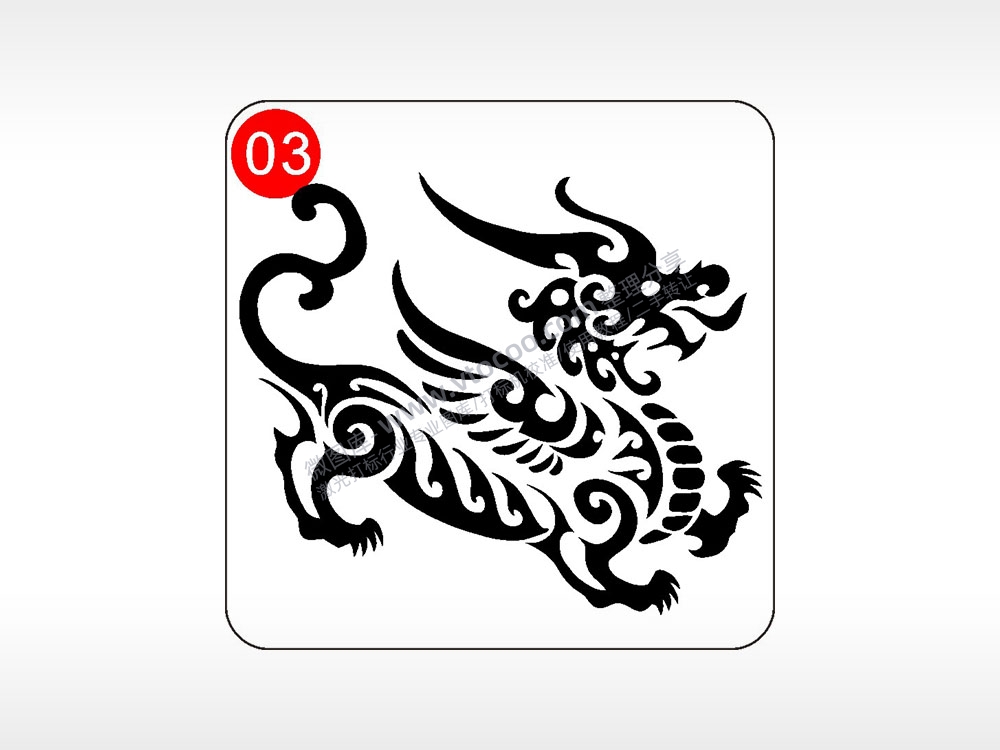 吐息麒麟貔貅神兽图腾AI8.0格式激光打标文件通用矢量图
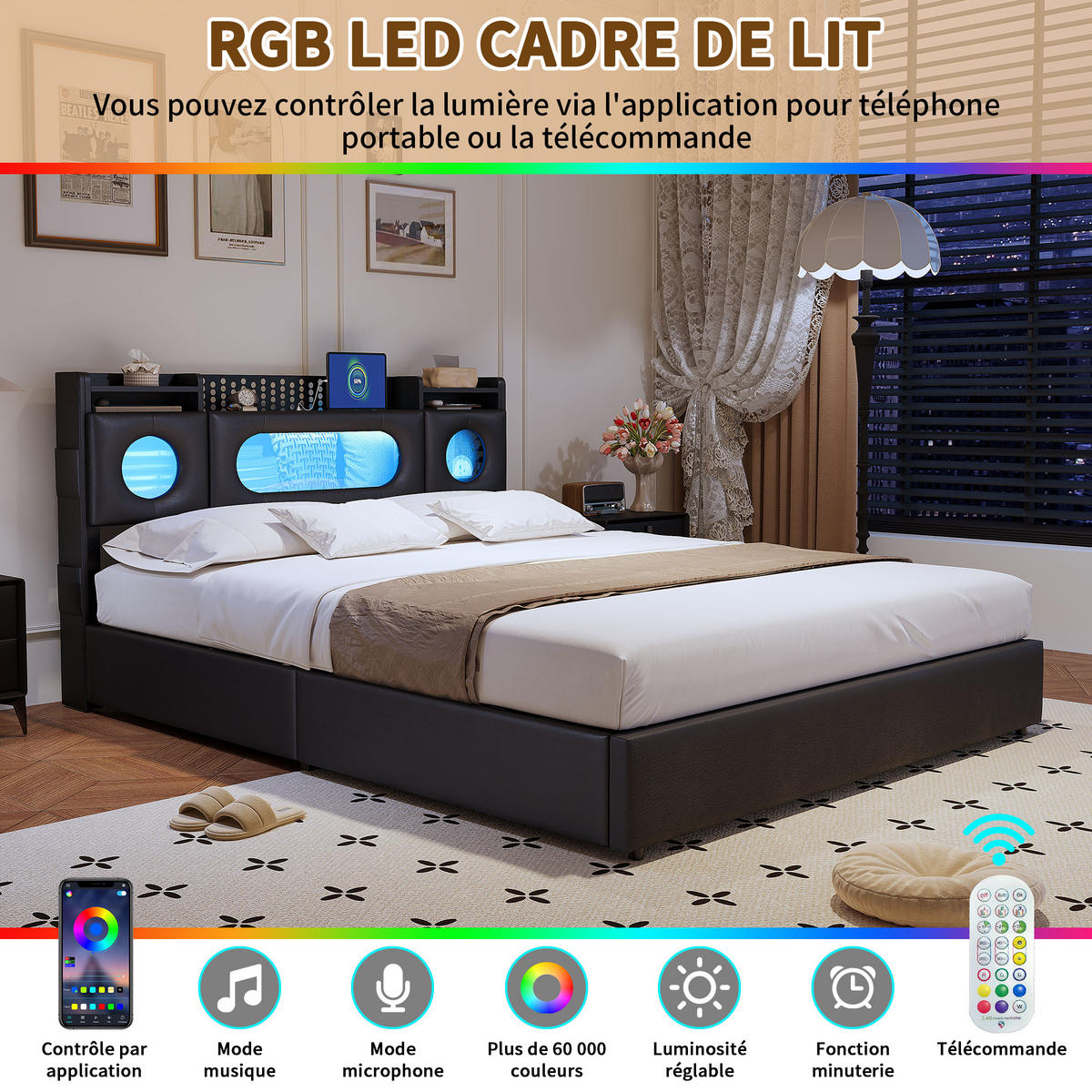 POLSTERBETT 140x200 cm LED USB Lattenrost Stauraum PU schwarz - Schwarz, Holz (140/200cm) - LEBENLANG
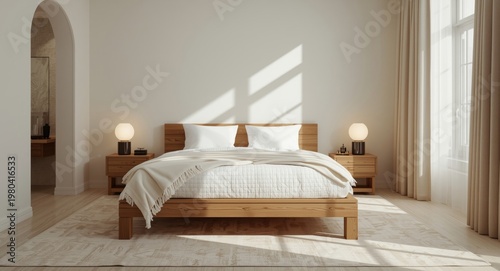 Cozy wooden bed with white ...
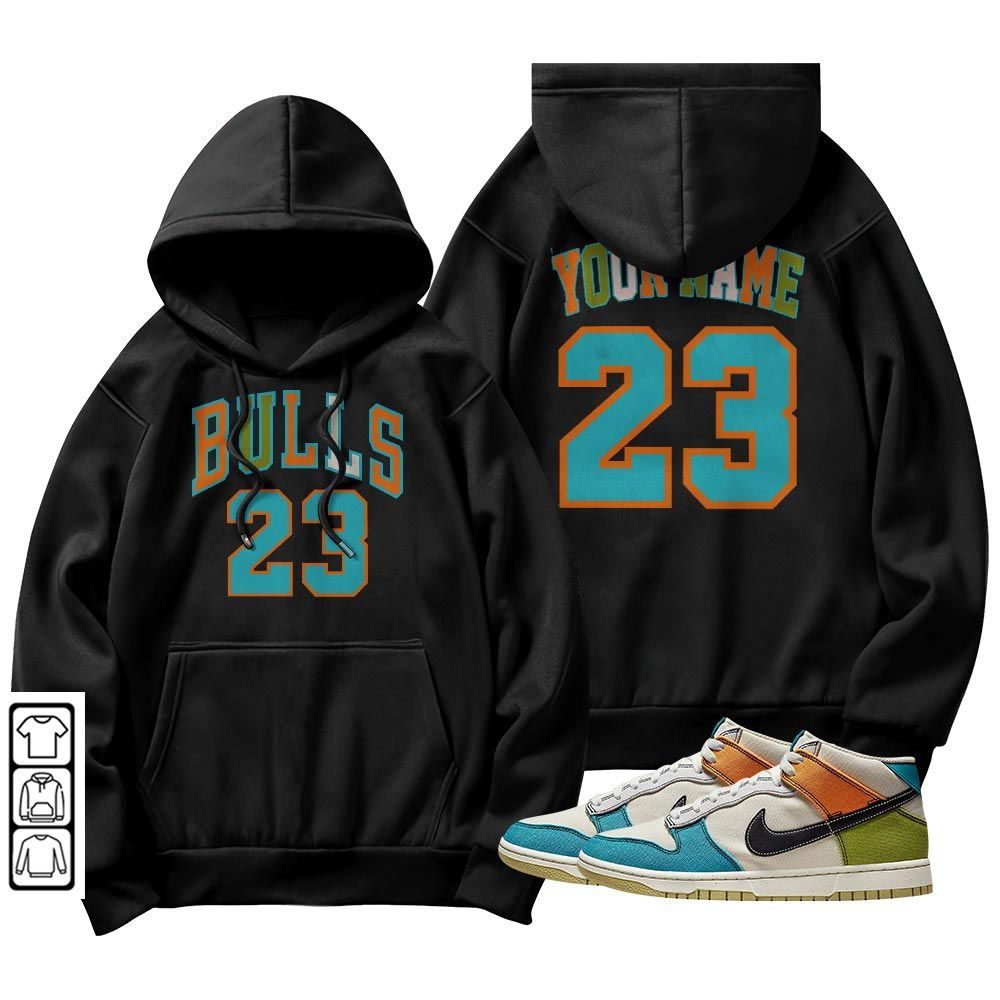Custom Name Bulls Number 23 Sneaker Shirt Match Mid Pale Ivory, Dunk Mid Multi-Color Canvas MKO T-Shirt Custom Name Bulls Number 23 Sneaker Shirt Match Mid Pale Ivory, Dunk Mid Multi-Color Canvas MKO T-Shirt
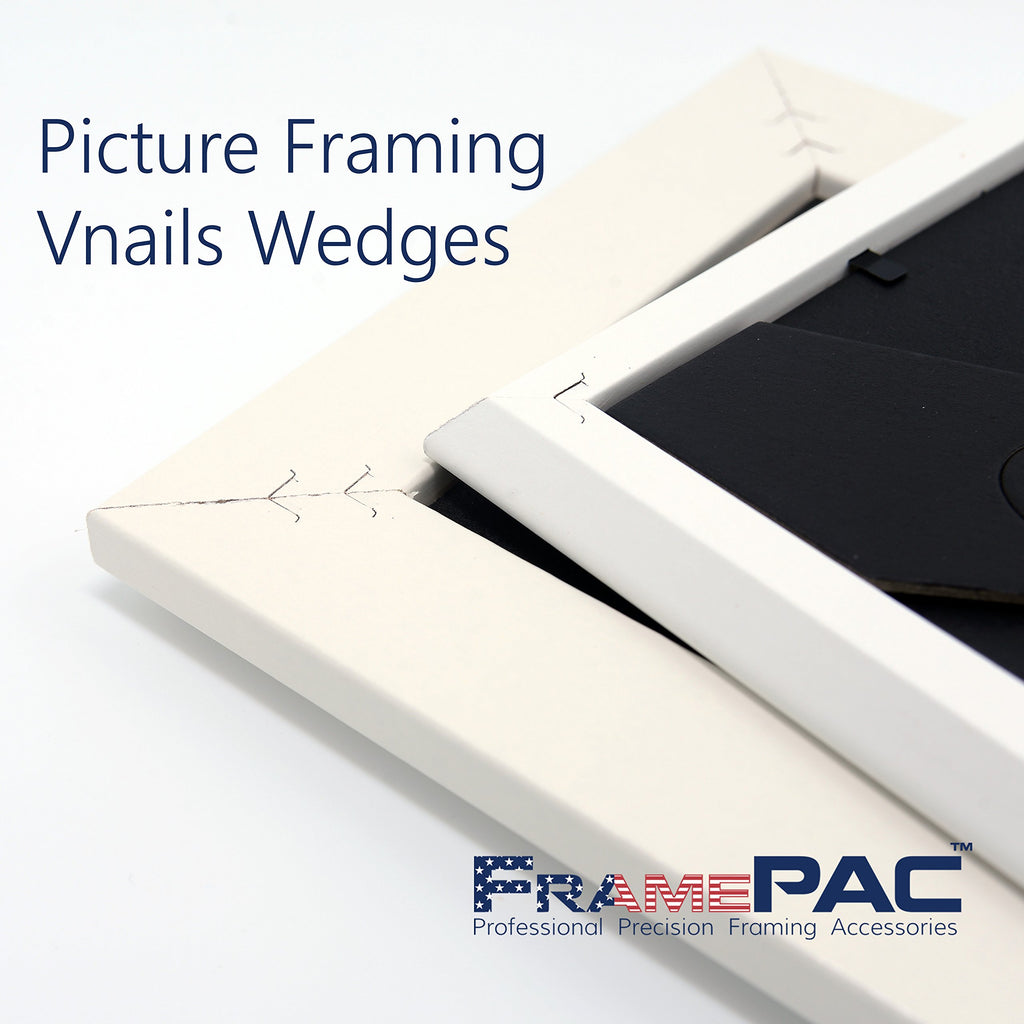 FramePac V Nails for Picture Framing - Ultra Strong - 7mm (1/4 inch) Vnail Wedges for Joining Picture Frame Corners - Hardwood Frames [400 V Nail Pack Loose]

#####

▶ [Work order] Copy out exactly the lines between the line that contains "MKO T-Shirt Custom" and the last line of the records, both ends included; leave out every picture.

▶ [Completed exercise]
Custom Name Bulls Number 23 Sneaker Shirt Match Mid Pale Ivory, Dunk Mid Multi-Color Canvas MKO T-Shirt Custom Name Bulls Number 23 Sneaker Shirt Match Mid Pale Ivory, Dunk Mid Multi-Color Canvas MKO T-Shirt
 FramePac V Nails for Picture Framing - Ultra Strong - 7mm (1/4 inch) Vnail Wedges for Joining Picture Frame Corners - Hardwood Frames [400 V Nail Pack Loose]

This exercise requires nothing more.